In just five movies, British director Joe Wright has established himself as a master stylist with an almost painterly eye for shot compositions and spatial geography. On the eve of his newest film, "Anna Karenina," we thought we would go through the five most amazing shots in his oeuvre (whittling them down was something of a challenge). As an added bonus, we got to talk to Seamus McGarvey, the cinematographer behind behind three of the five scenes, including the one from "Anna Karenina," about what it was like crafting these truly unforgettable moments. We've included the scenes where possible, but of course, you can check out each of these films on home video.
When we first saw "Anna Karenina" a couple of months ago, we thought that our eyes might spring out of our heads, like some Tex Avery wolf. The conceit behind "Anna Karenina" is that the entire movie takes place on a stage, with the camera moving around the stage and up into the rafters and down into the basement. This is all established in a mind-boggling opening shot we'll call The Overture, which lays out the geography of the stage/movie and sets up the emotional stakes for what's to come, following various characters as they prepare for their day (with the backgrounds shifting behind them), including Keira Knightley as the titular Anna, Jude Law as her husband, and Matthew Macfadyen as her brother. One of our favorite flourishes (in a scene full of them), is watching the other characters "wait in the wings," as the camera passes them by.

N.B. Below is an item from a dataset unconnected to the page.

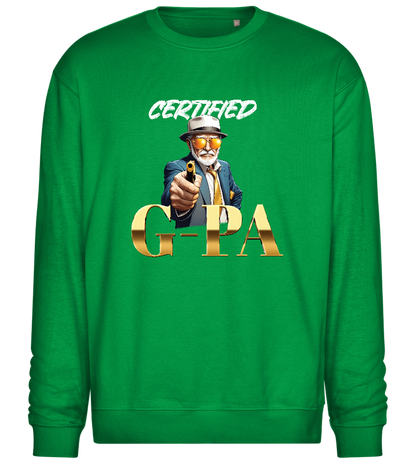 Certified G-Pa Design - Comfort Essential Unisex Sweater_MEADOW GREEN_front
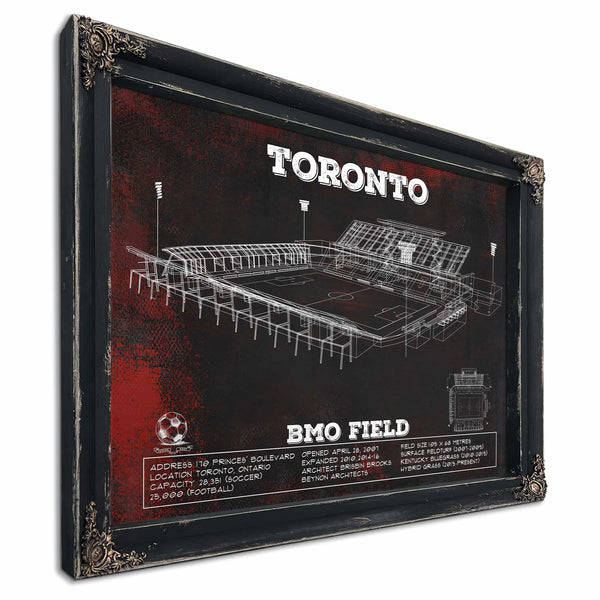 Toronto F.C. - BMO Field Vintage MLS Soccer Print 2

Wright has said that the decision to set it on a stage was a financial concession (that turned out to be an artistic triumph), and we were surprised this wasn't always the case. "The complete shift of gears was a shocker to us all, especially at such a late stage in pre-production," McGarvey admitted. Wait, so it wasn't always supposed to be on a stage? "I was on 'The Avengers' when all this was being done. But locations were being scouted all over Russia and Britain. And suddenly it changed. It was a Fellini-esque atmosphere, all of us on this set, with crews running between stages."
"The opening of the film, all of that is in-camera, with the curtain and the curtain is front-lit, so it appears like a solid curtain… It's like an old theatrical technique with the gaze, and the revealing of Oblonsky and beyond," McGarvey explained. He said that there was one key difference between this film and other Wright films that he's shot. "The difference with this film was that we had a choreographer involved, who was just incredible and who devised all these dances and even the most little, incidental movement was choreographed," he said. "So that scene was crystallized as we thought about all the elements. Joe is so conscious about what it takes to do a move. There's a constant evolution of the shot that involves creative discussion on a photographic level."
We wondered, for all the extensive planning and choreography and staging, if, in the end, McGarvey wouldn't have rather just gone and shot on location. "For me, it was a great decision, even though it meant working with a lower budget and a hell of a lot harder. It meant that every single scenario had to be created from the ground up," he said, sounding liberated. "Sometimes you work on these period films, as I've done in the past, and there are a myriad of restrictions. Not only in terms of how you can light something but where you can put the camera, etc. In design terms it has its own built-in look."
"We were creating all of this from the ground up, so it gives it a stronger feel and one with more visual cohesiveness," he continued. "I think I was able to completely change my lighting style. A lot of times you're battling against ambient light. I was able to use more expressive forms of lighting. And the fluidity of this environment gave our camera was great." McGarvey then boiled it down thusly: "It was one of the most creative cinematographic excursions I've ever had."